Nearly a decade before the publication of On The Road, the story of the Martins' epic transformation in The Town and the City marked the first true literary impact of the founding father of the Beat Generation. Inspired by grief over his father's death, and his own determination to write the Great American Novel, The Town and the City is an essential prelude to Jack Kerouac's later classics.
Comments:
I thoroughly enjoyed this epic story of the Martin's lives over the decades. I don't think I've ever read a book that has so inspired in me the will to jump on the next plane to America so I can have these experiences myself. It truly is the Great American Novel. The descriptions of characters and places are vividly portrayed and the story has all you could hope for in a great novel: it's moving, irritating, amusing, heart-breaking.
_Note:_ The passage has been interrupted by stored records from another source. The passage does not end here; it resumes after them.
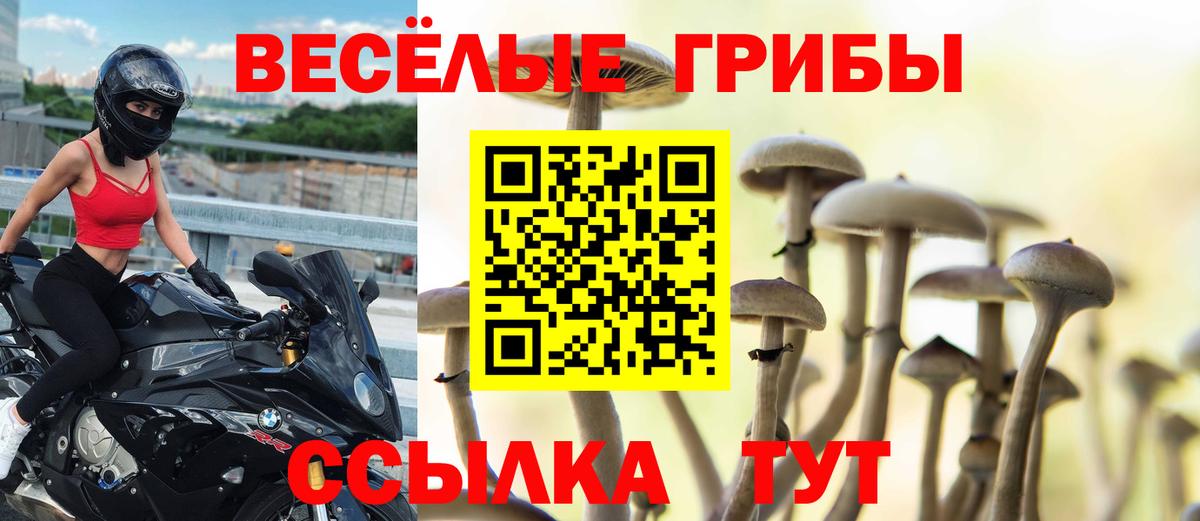 Псилоцибиновые грибы мицелий Борисоглебск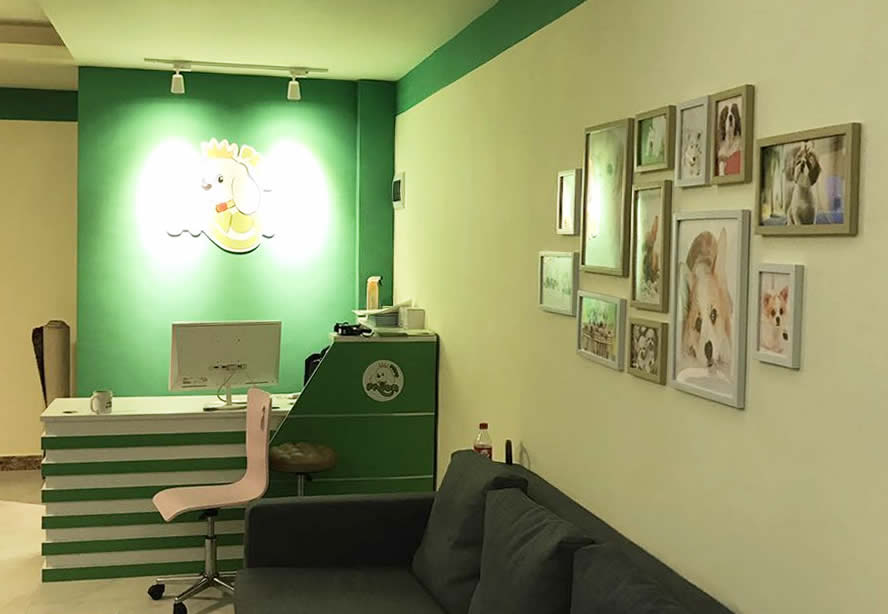 �������˶���Ǯ����������ѡʥ�裭8��������0Ԫ���ˣ�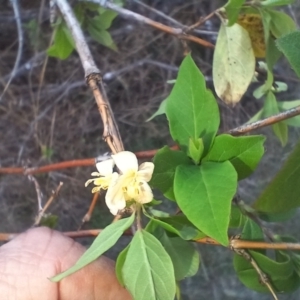 Lonicera japonica at Cooma, NSW - 7 Sep 2024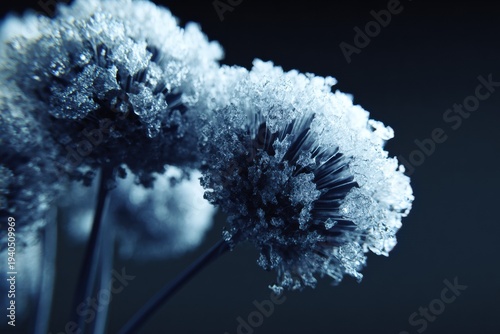 Dark flowers with an ice-like texture appear striking against a dark background, showing unique details and artistic designs in nature.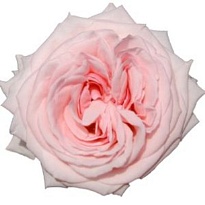 Роза Equa Garden Ohara дл.80 25шт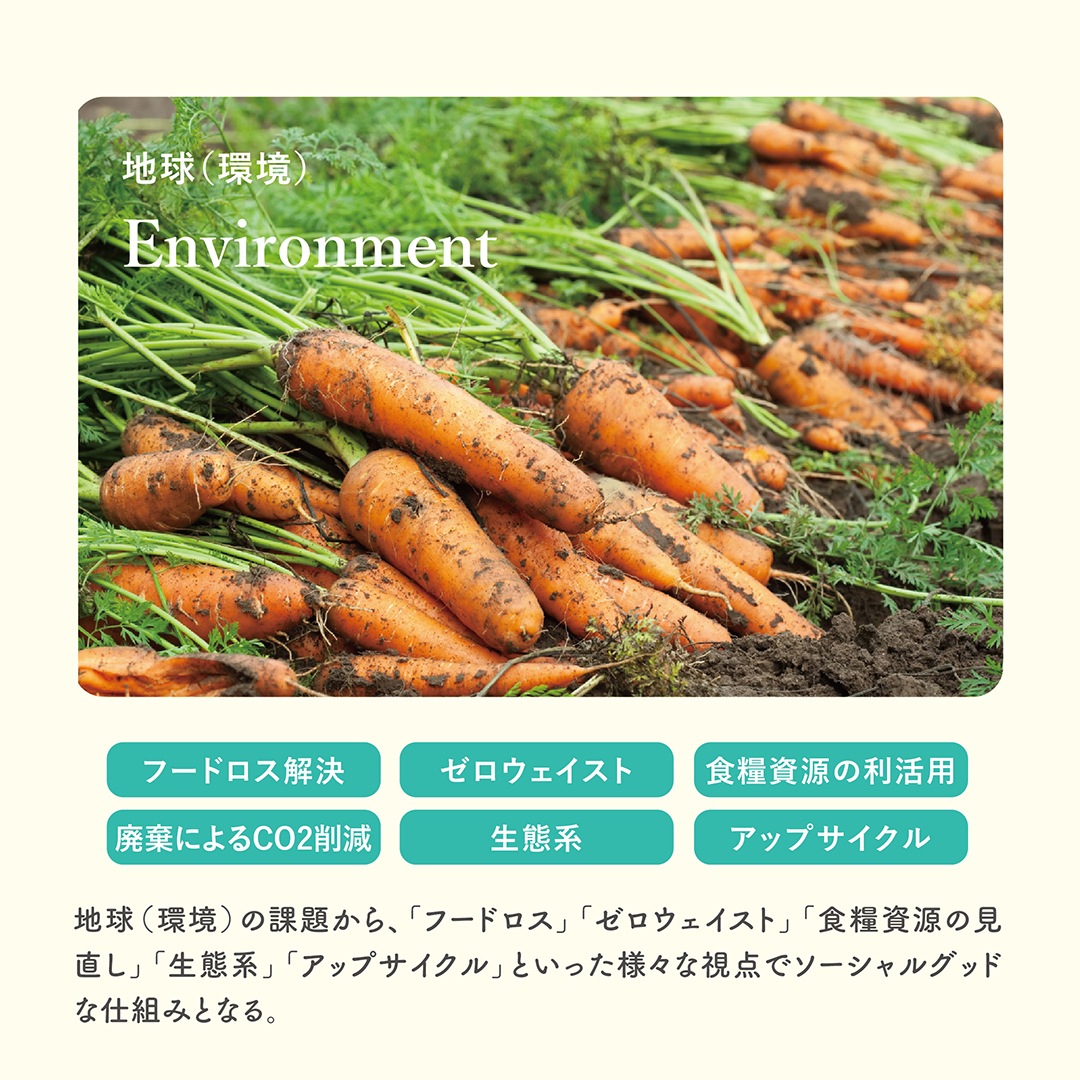 ポタージュスープ 詰め合わせ(人参x2里芋x2さつまいもx2) 1080g (6個入り) ポタージュスープ 詰め合わせ(人参x2里芋x2さつまいもx2) 1080g (6個入り)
I had a little trouble identifying with any of the characters. Kerouac spends a large part of the beginning of the novel describing all of the characters in detail - so much detail that the personality traits he describes in his characters start becoming contradictory. And despite there being three daughters and a mother in the story, comparatively little time was spent discussing them and their lives compared to the father and sons. This irked me a little ('typical 1950s sexism', I thought), until I realised that this is largely an autobiographical account of Kerouac's early life. Kerouac has, in effect, split his own self into three of the sons: Peter, Jim and Francis. Maybe this is why I had trouble identifying with them.
This was Kerouac's first novel, and as such is written in a much more conventional manner than his later works. However, you can start to see his own unique style coming out in this book. It's very interesting to see. Very highly recommended.